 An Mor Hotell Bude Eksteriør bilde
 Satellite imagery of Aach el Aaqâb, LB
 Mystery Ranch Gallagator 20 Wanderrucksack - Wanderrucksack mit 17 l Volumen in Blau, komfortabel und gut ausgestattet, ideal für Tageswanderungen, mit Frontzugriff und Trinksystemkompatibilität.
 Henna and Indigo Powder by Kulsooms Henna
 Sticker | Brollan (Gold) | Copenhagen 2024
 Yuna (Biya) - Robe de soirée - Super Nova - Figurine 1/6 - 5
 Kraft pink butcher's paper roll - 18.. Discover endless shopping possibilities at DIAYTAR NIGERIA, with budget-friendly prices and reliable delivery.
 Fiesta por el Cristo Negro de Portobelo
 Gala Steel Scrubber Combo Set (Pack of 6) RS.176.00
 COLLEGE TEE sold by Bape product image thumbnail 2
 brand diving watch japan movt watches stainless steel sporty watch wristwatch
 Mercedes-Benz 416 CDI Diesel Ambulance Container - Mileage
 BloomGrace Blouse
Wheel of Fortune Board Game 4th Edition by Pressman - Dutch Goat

* * *

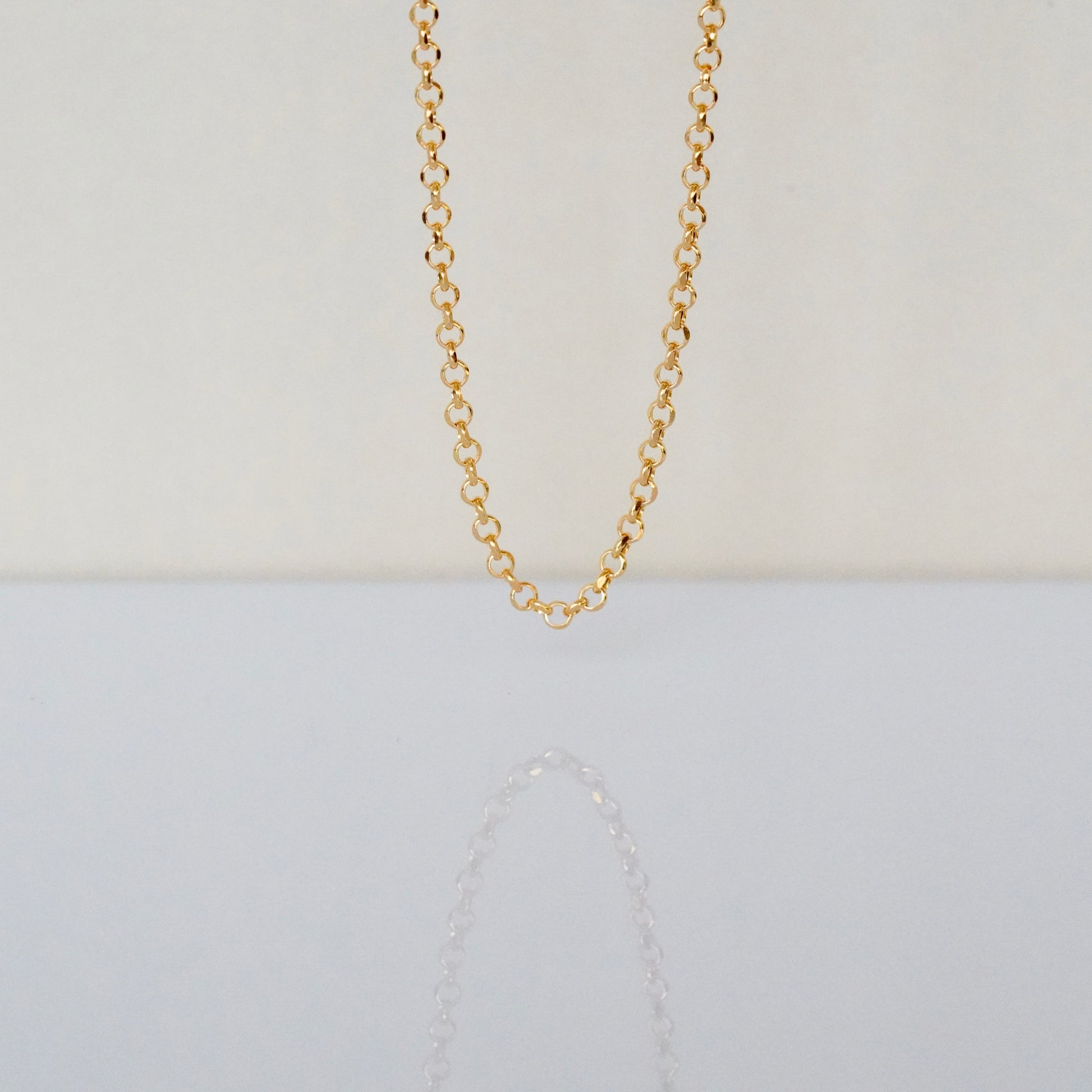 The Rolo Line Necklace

* * *

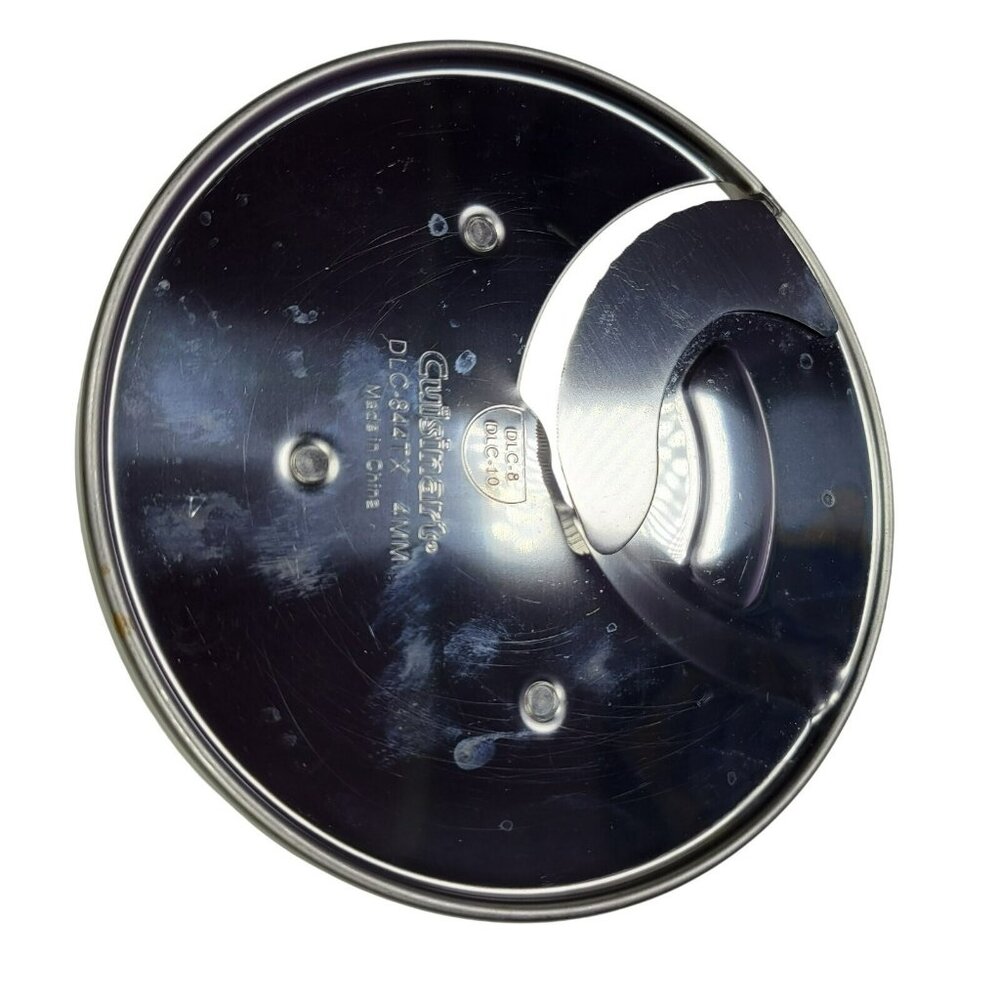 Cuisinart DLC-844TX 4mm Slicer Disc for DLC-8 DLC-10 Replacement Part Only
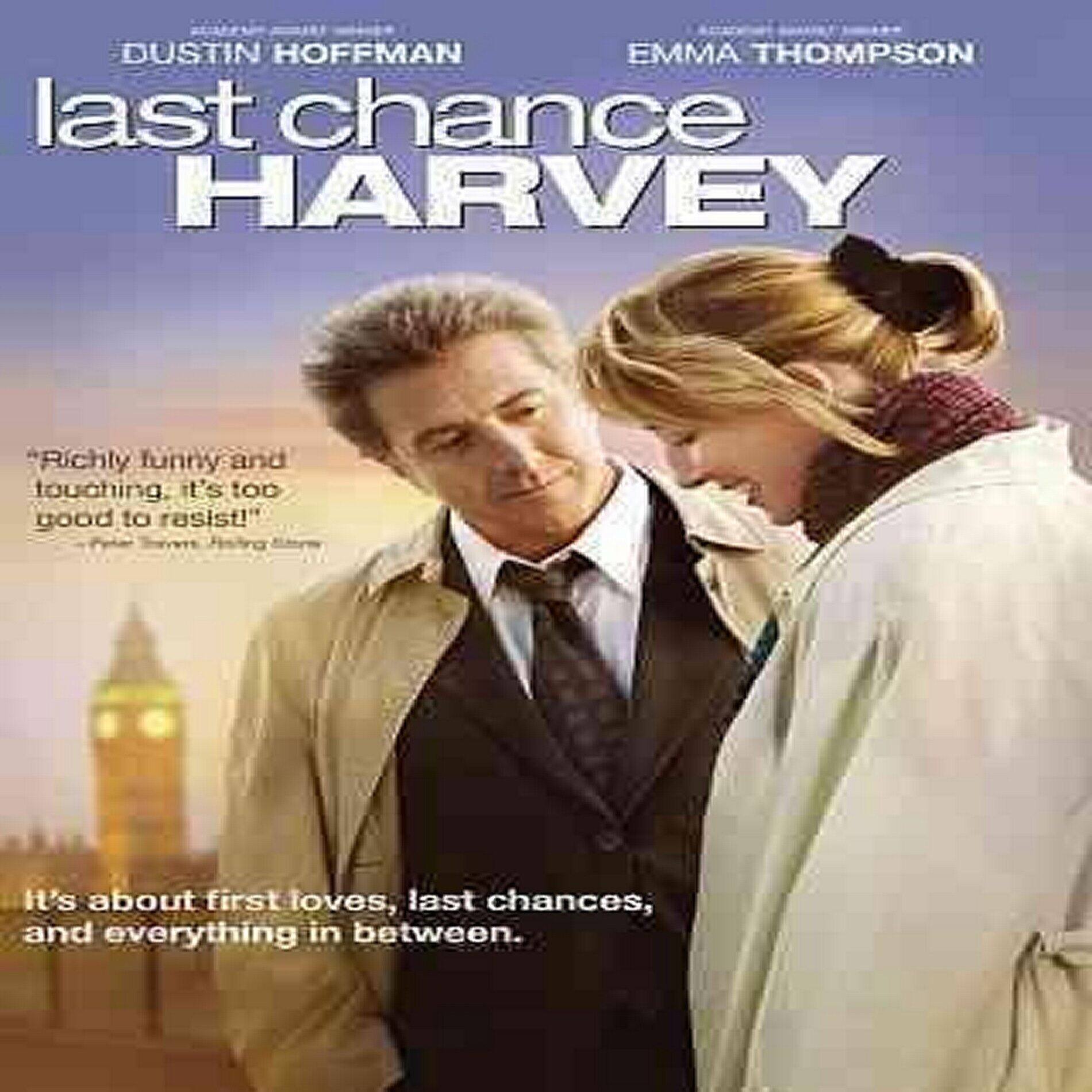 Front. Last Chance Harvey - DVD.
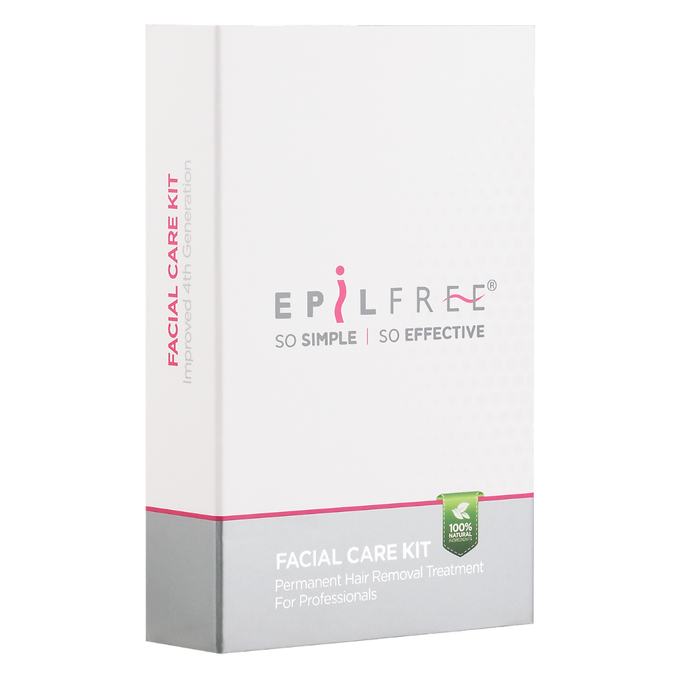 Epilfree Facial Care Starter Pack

What you need to do ▸ Only one stretch of the entries above is wanted: the lines from the one containing "An Mor Hotell Bude Eksteriør bilde" through the one containing "Wheel of Fortune". Please reproduce it exactly.

Solution ▸
 An Mor Hotell Bude Eksteriør bilde
 Satellite imagery of Aach el Aaqâb, LB
 Mystery Ranch Gallagator 20 Wanderrucksack - Wanderrucksack mit 17 l Volumen in Blau, komfortabel und gut ausgestattet, ideal für Tageswanderungen, mit Frontzugriff und Trinksystemkompatibilität.
 Henna and Indigo Powder by Kulsooms Henna
 Sticker | Brollan (Gold) | Copenhagen 2024
 Yuna (Biya) - Robe de soirée - Super Nova - Figurine 1/6 - 5
 Kraft pink butcher's paper roll - 18.. Discover endless shopping possibilities at DIAYTAR NIGERIA, with budget-friendly prices and reliable delivery.
 Fiesta por el Cristo Negro de Portobelo
 Gala Steel Scrubber Combo Set (Pack of 6) RS.176.00
 COLLEGE TEE sold by Bape product image thumbnail 2
 brand diving watch japan movt watches stainless steel sporty watch wristwatch
 Mercedes-Benz 416 CDI Diesel Ambulance Container - Mileage
 BloomGrace Blouse
Wheel of Fortune Board Game 4th Edition by Pressman - Dutch Goat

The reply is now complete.